[TASK DETAILS]
An exact transcription is needed, starting at the line containing "A Tiny Mistake" and running through the last line of the records, with every picture left out.

[RECORDED DATA]
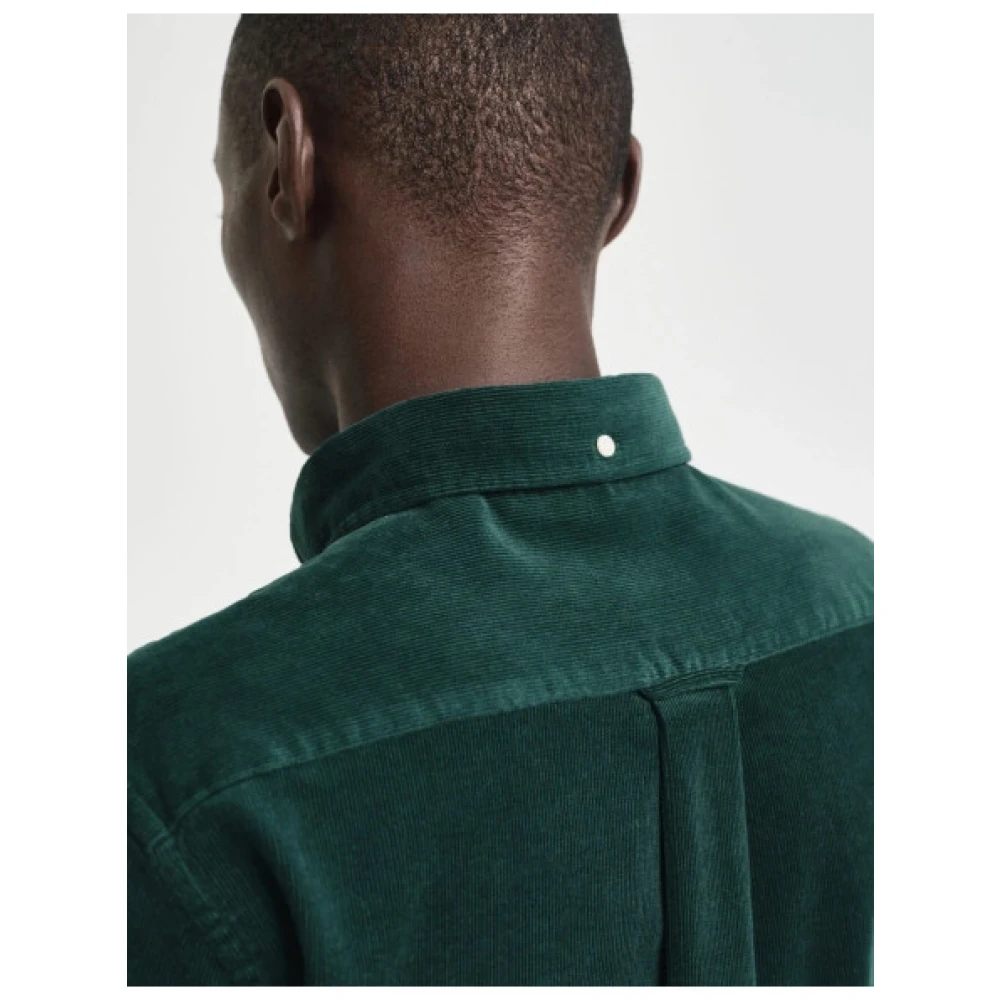 Gant Velours Regular Shirt Iconische Stijl Green Heren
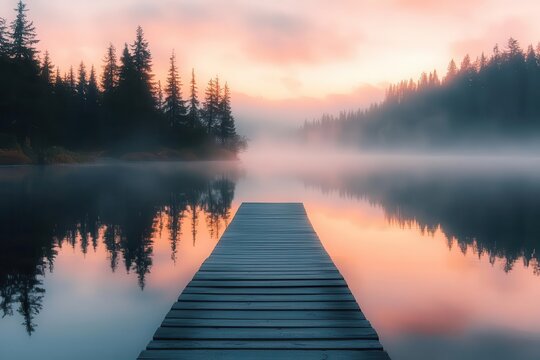 misty lakeside sunrise with wooden pier stretching into calm waters soft pink and orange sky reflections and silhouetted pine trees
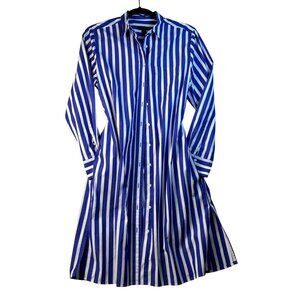 J.Crew Blue White Striped Long-Sleeve Button-Down Shirt Dress XS Preppy Oldmoney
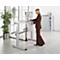 Schreibtisch Standard, elektrisch höhenverstellbar, Rechteck, C-Fuß, B 1600 x T 800 x H 725-1185 mm, lichtgrau/weißaluminium RAL 9006 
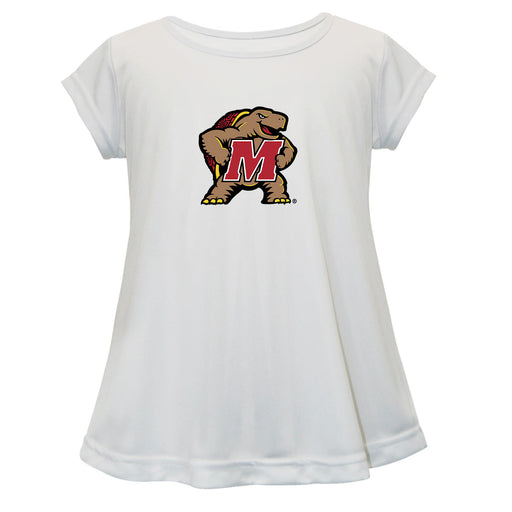 Maryland Terrapins Short Sleeve Youth Cotton Top White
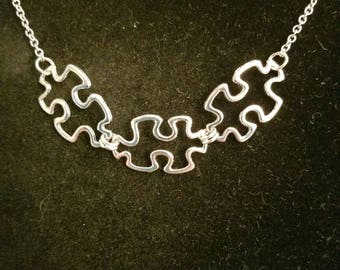 Silver Puzzle Piece Necklace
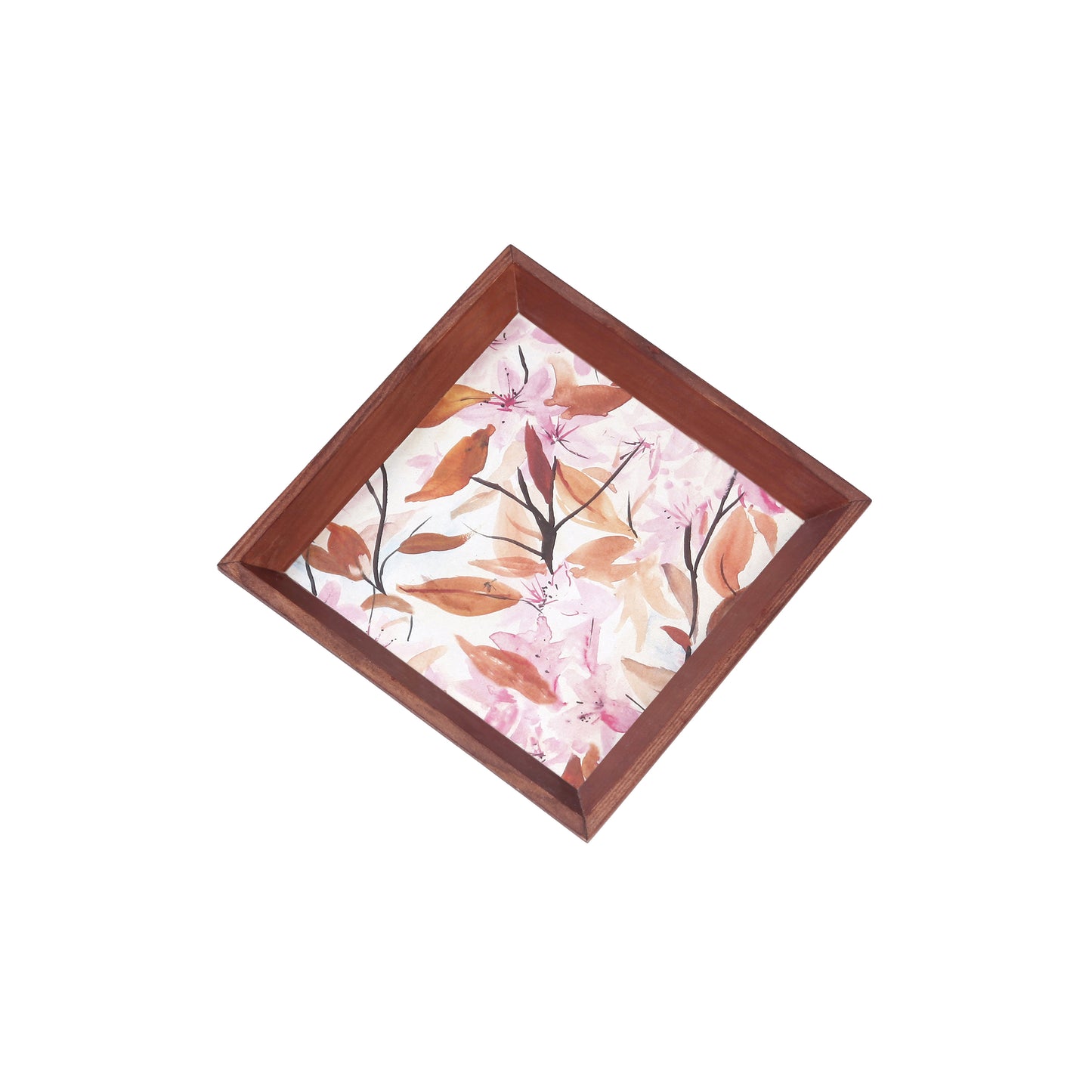 A Tiny Mistake Lily of the Valley Small Square Wooden Serving Tray, 18 x 18 x 2 cm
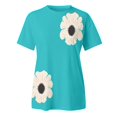 thumbnail image 4 of Blue Womens Tops Women Daily Casual Flower Printed Short Sleeve O Neck T Shirt Tops Blouse Shirts for Women, 4 of 6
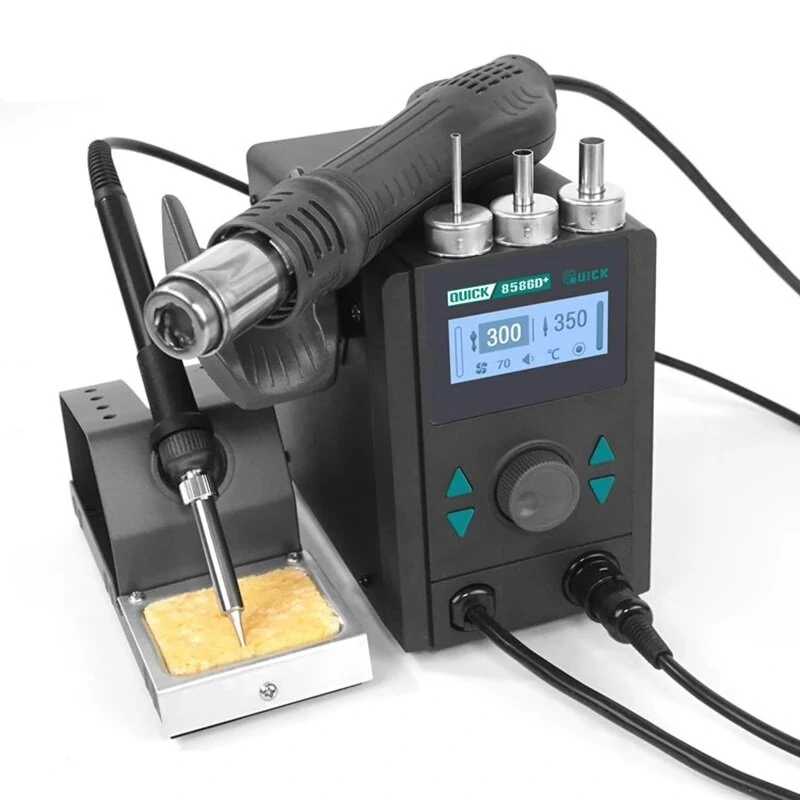 QUICK 8586D+ 2-in-1 Hot Air Gun & Soldering Station | LCD Digital Display
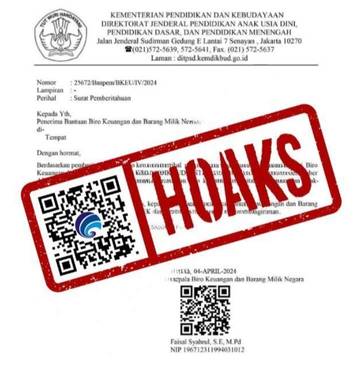 Hoaks, Surat Pemberitahuan Pengiriman Bantuan Mengatasnamakan Kemendikbudristek Tahun Anggaran 2024.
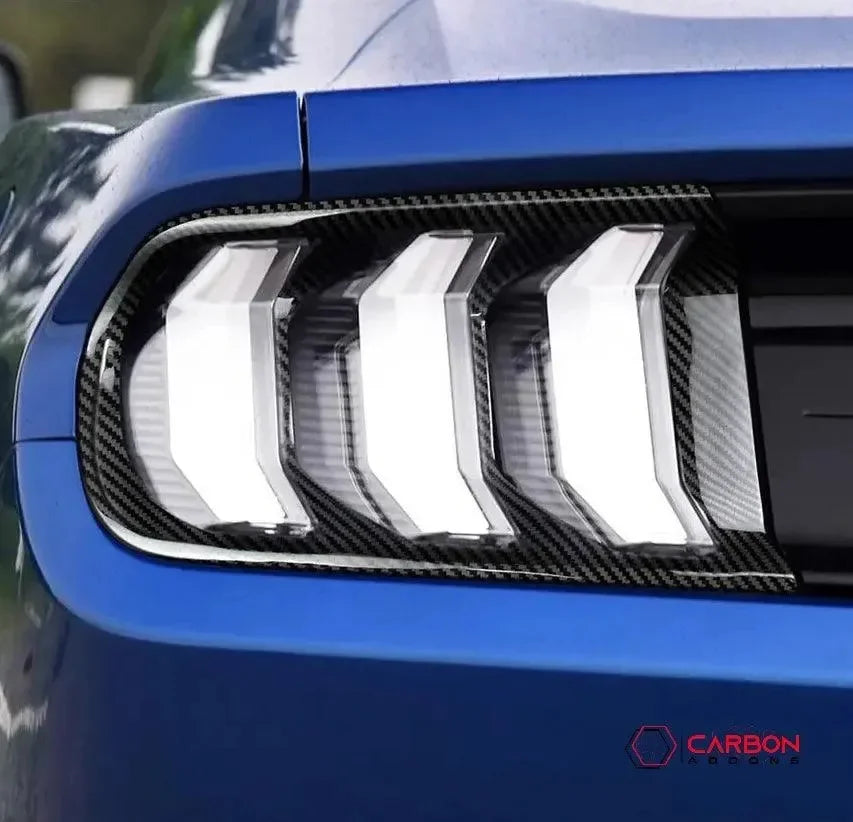 Exterior Carbon Fiber Taillight Trim Covers for 2015–2023 Ford Mustang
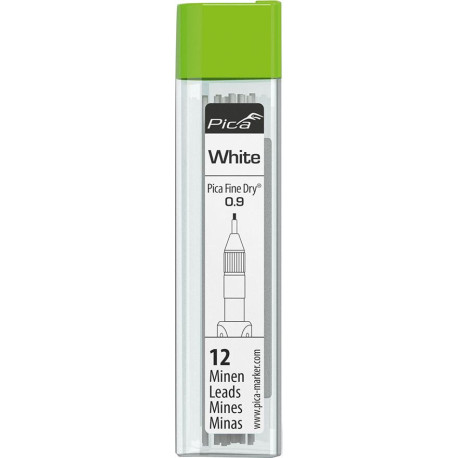 Jeu de mines de rechange blanches pour marqueur fin FineDry blanc 0,9 mm Pica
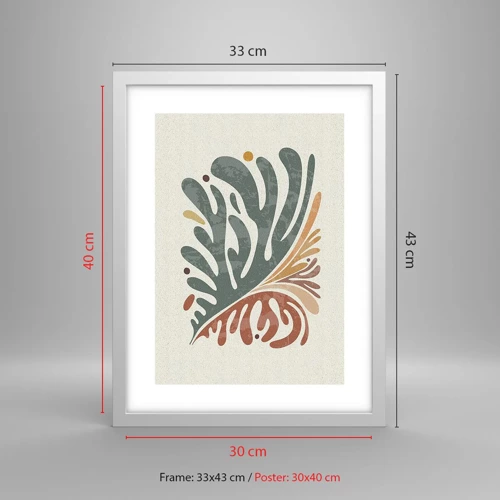 Poster in cornice bianca - Foglia multicolore - 30x40 cm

[ANSWER BELOW]
 A Tiny Mistake Lily of the Valley Small Square Wooden Serving Tray, 18 x 18 x 2 cm
 thumbnail image 4 of Blue Womens Tops Women Daily Casual Flower Printed Short Sleeve O Neck T Shirt Tops Blouse Shirts for Women, 4 of 6
 QUICK 8586D+ 2-in-1 Hot Air Gun & Soldering Station | LCD Digital Display
 Hoaks, Surat Pemberitahuan Pengiriman Bantuan Mengatasnamakan Kemendikbudristek Tahun Anggaran 2024.
 Exterior Carbon Fiber Taillight Trim Covers for 2015–2023 Ford Mustang
 Jeu de mines de rechange blanches pour marqueur fin FineDry blanc 0,9 mm Pica
 Poster in cornice bianca - Foglia multicolore - 30x40 cm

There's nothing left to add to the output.